BBC Radio 3, 29 April 2012
Although performed by the same company, Jessica Dromgoole's production of Romeo and Juliet was stylistically very different from Twelfth Night (broadcast a week earlier). In this world sounds assumed paramount importance - for example, the Spanish rhythms played on a guitar (by Roger Goula), that began the production and was heard at regular intervals - especially when Romeo (Trystan Gravelle) and Juliet (Vanessa Kirby) were together. This gave the production an atmospheric feel of hot weather and equally fierce passions, where love could quickly turn to hate and vice versa. 
At the same time director Dromgoole emphasized the naturalness of this world: the sounds of running water, bird-song and cheeping crickets regularly formed a backdrop to many of the scenes. However very few of the characters actually took much notice of their surroundings; they were too preoccupied with themselves and their emotions.
Such preoccupations inevitably led to tragedy: the deaths of Mercutio (Paul Ready), Tybalt (Carl Prekopp), Romeo, Juliet and Paris (Johnny Flynn) might have been avoided if the two families had been less preoccupied with their feuds and listened to one another instead. However this was never going to happen: the characters were almost doomed to die in this hostile world. Dromgoole suggested this through the use of voices that hummed in the background, rising to a crescendo whenever one of the younger characters met their untimely death. Not even the intervention of Prince Escalus (David Tennant in a vocally commanding cameo, vocally light-years away from his Malvolio in Twelfth Night) could bring about any solution.
In such a society, where death was almost inevitable, it was not surprising that the majority of the characters came across as emotionally immature. Capulet (James Lailey) refused to listen to his daughter's please, promising every kind of sadistic punishment imaginable if she refused to marry Paris, and smacking her across the face to prove his point. The Nurse (Rosie Cavaliero) did not seem much older than Juliet herself - although pretending to offer advice, she lacked sufficient life-experience to be of much help. Hence her decision to favour Paris, once Romeo had been banished.
Romeo could not deal with the emotional aspects of love; most of his speeches to Juliet were delivered in awkward tones, as if he had learned them out of a courtly love manual. He was far happier in Mercutio and Benvolio's (Adam James') company, where he could exchange laddish jokes and make fun of the Nurse's gawkiness. When Mercutio died, Romeo experienced a severe emotional crisis; many of his lines were shouted, almost gabbled; hence it was hardly surprising that he should choose to kill himself. Juliet acted according to her age; as a fourteen-year-old with little experience of the world, she had no real way of coping with the stresses and strains of love. Her suicide provided her with an emotional release; as she died, she breathed a huge sigh of relief.

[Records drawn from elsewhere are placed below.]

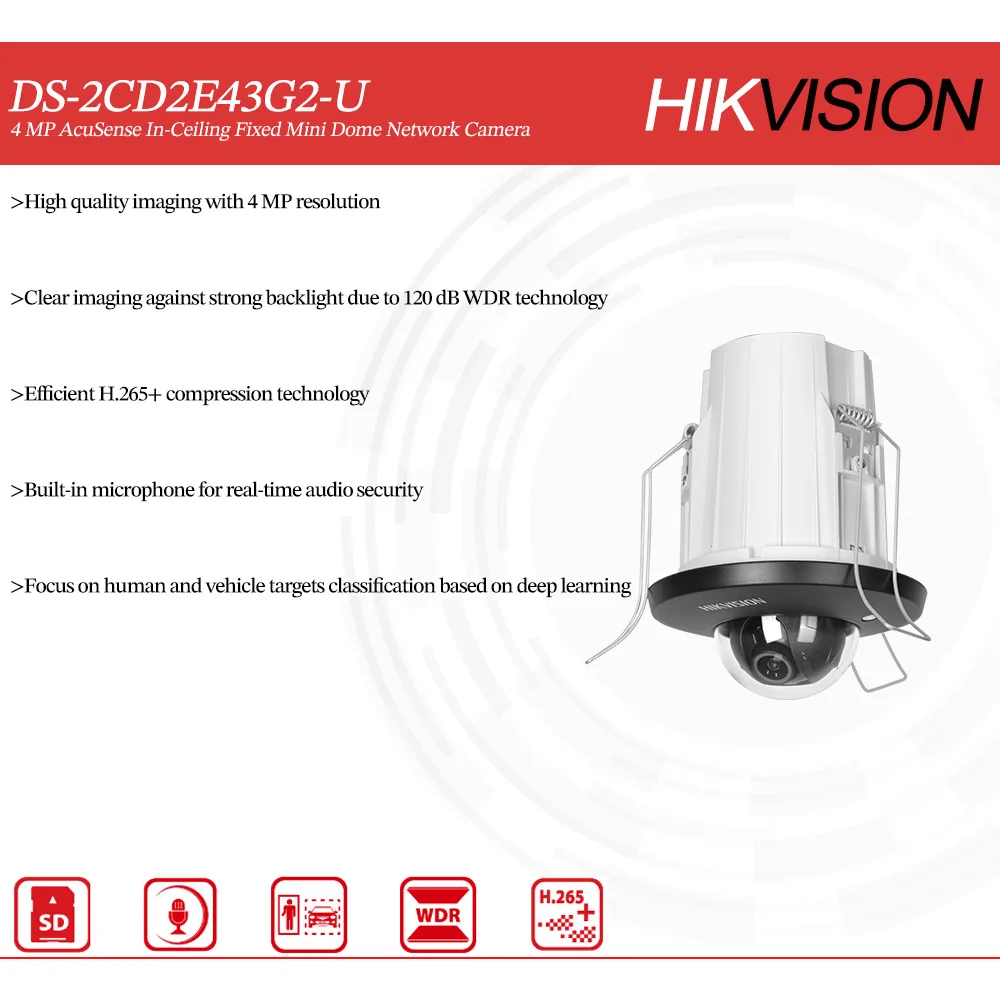 Hikvision-Mini caméra réseau breton avec micro intégré, DS-2CD2E43G2-U d'origine, partenaires plafond acufouet 4MP, protection périphérique Hdissis +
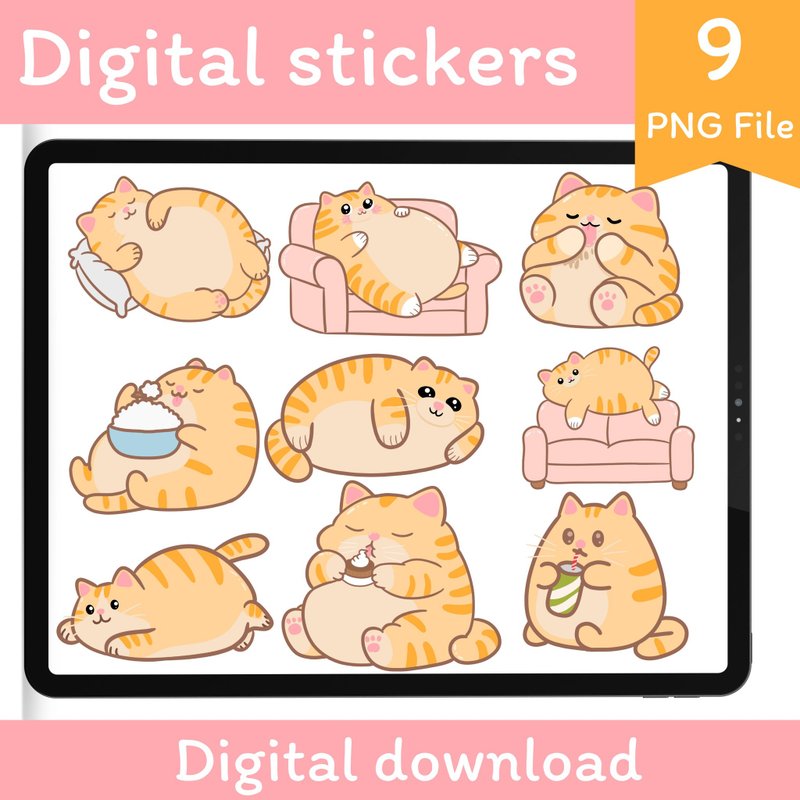 かわいいオレンジの猫のデジタルステッカー | 手描き猫 PNG - デジタルプランナー - その他の素材 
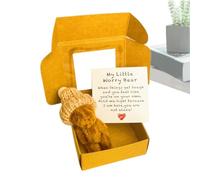 Orso imbottito realizzato a mano, Little Plush Bear in scatola, 3,35 x 1,57 pollici, Soft Cute Pet Buddy with Inspirational Card, Positive Gift Decor for Bedside, Desk, Emotional Reminder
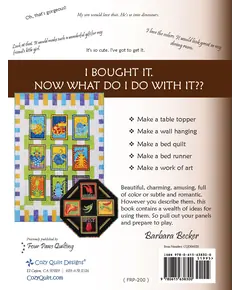 Panel Play Pattern Book by Cozy Quilt Designs - Back Cover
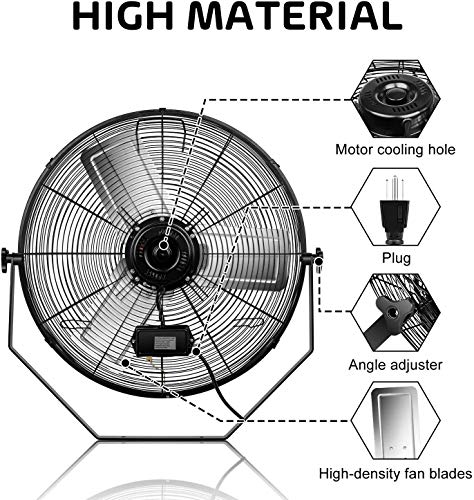 Simple Deluxe 24 Inch Industrial Wall Mount Fan, 3 Speed Commercial Ventilation Metal Fan for Warehouse, Greenhouse, Workshop, Patio, Factory and Basement - High Velocity, black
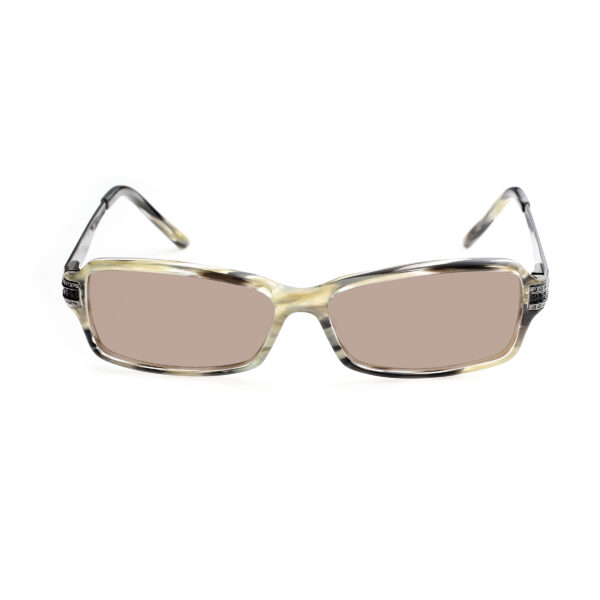 Gucci '00s Green Crystals Rectangular Frame Sunglasses with Brown Lenses - Image 2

The only mature character in the entire production was Friar Laurence (Ron Cook), who spoke in soft, reflective tones as he dealt calmly with Romeo and Juliet's difficulties. However he lacked the power to bring about a happy ending in this kind of a world; all he could do was to explain the situation and observe mournfully that "if aught in this/ Miscarried by my fault, let my old life/ Be sacrificed." At this moment we felt incredibly sorry him; if anyone didn't deserve to be sacrified in this brutal world, it was the Friar. We understood more than ever the significance of the Chorus's (Tracey Wiles') reference at the beginning of the production "the continuance of their (i.e. Romeo and Juliet's) parents' rage - / Which, but their children's end, none could remove."
At the end we felt that if only people had bothered to take more notice of one another, all these futile deaths could have been avoided. That was the real tragedy of Romeo and Juliet.